## [HOW TO COMPLETE THIS TASK]
For this exercise, output exactly and only the lines running from the one with "Building Photo - READY" through the final line of the data below, without pictures.

--- DATA EXTRACT ---

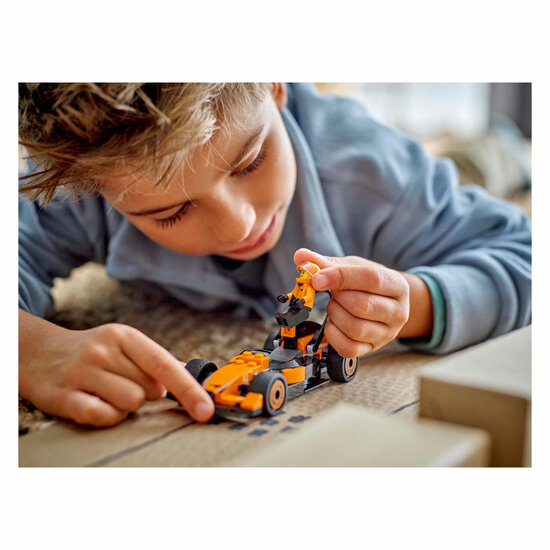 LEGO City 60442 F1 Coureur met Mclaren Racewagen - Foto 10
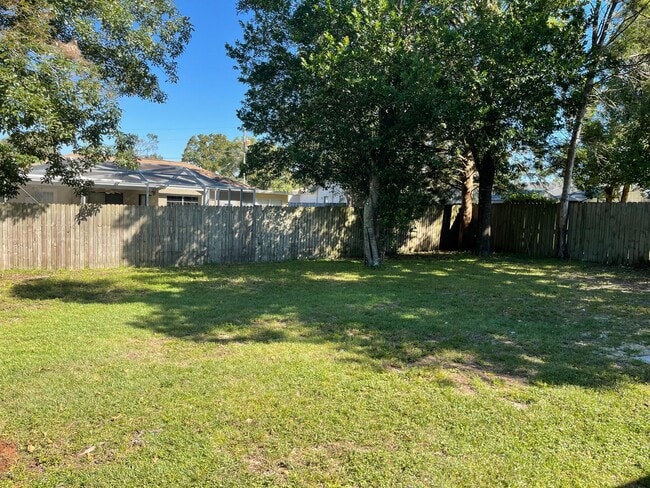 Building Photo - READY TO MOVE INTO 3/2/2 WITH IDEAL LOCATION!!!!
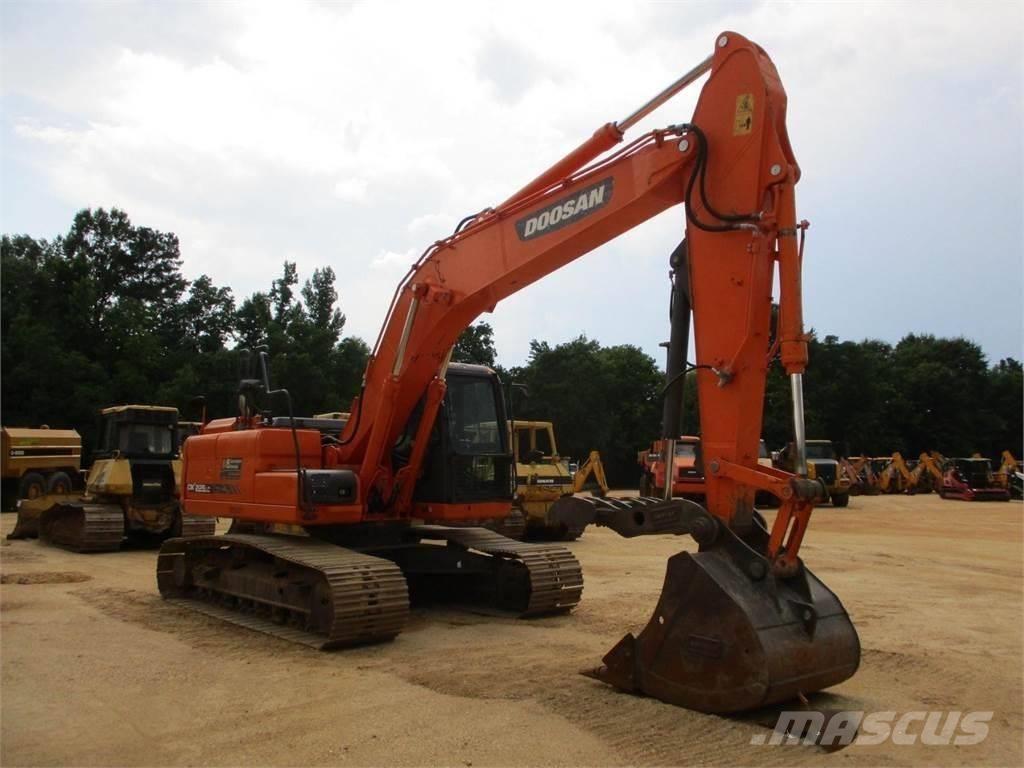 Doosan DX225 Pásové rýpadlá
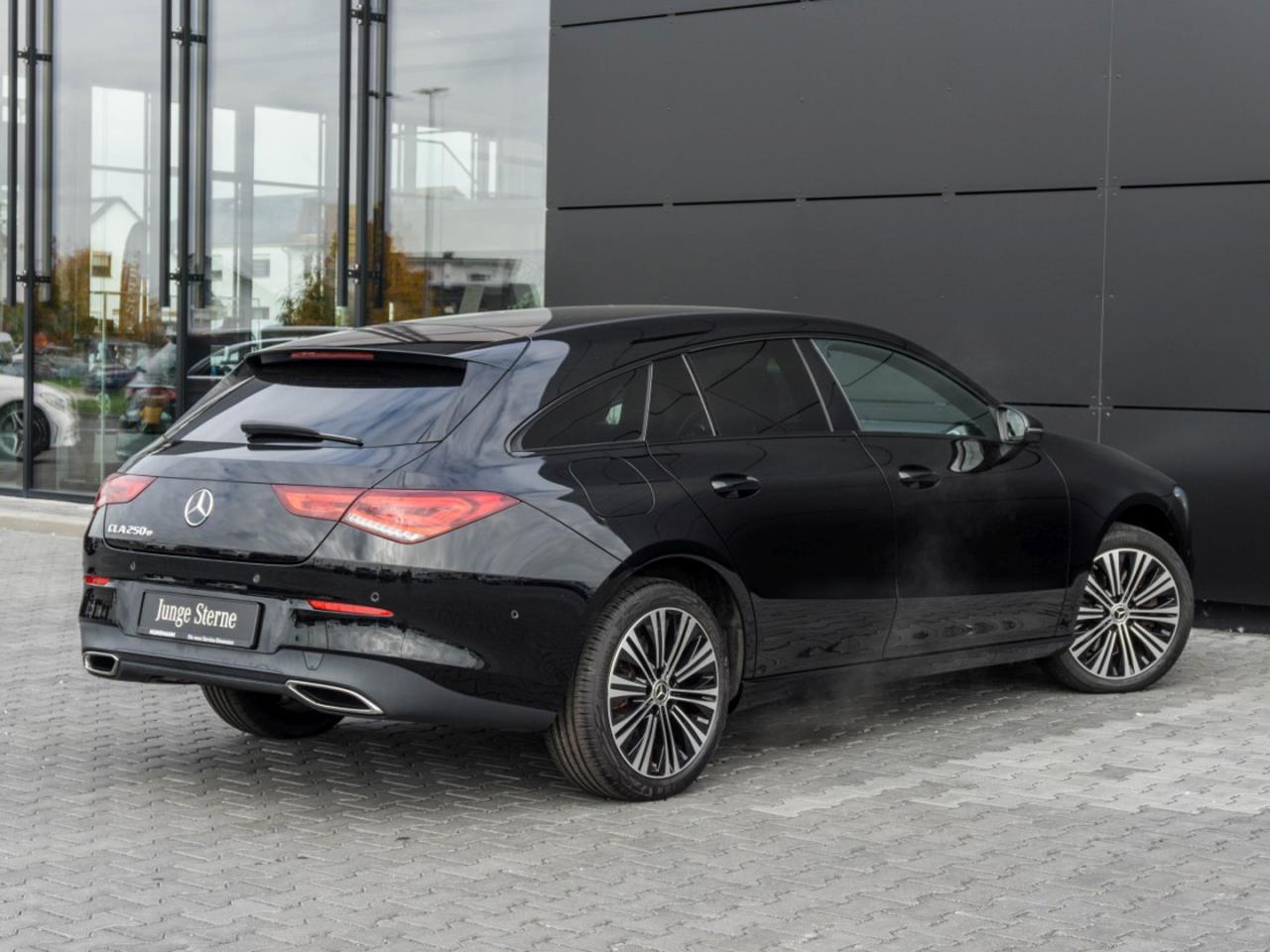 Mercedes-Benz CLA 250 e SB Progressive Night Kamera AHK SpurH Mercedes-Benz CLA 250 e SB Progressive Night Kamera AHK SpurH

---

## [ANSWER BOX]
 Building Photo - READY TO MOVE INTO 3/2/2 WITH IDEAL LOCATION!!!!
 Doosan DX225 Pásové rýpadlá
 Mercedes-Benz CLA 250 e SB Progressive Night Kamera AHK SpurH Mercedes-Benz CLA 250 e SB Progressive Night Kamera AHK SpurH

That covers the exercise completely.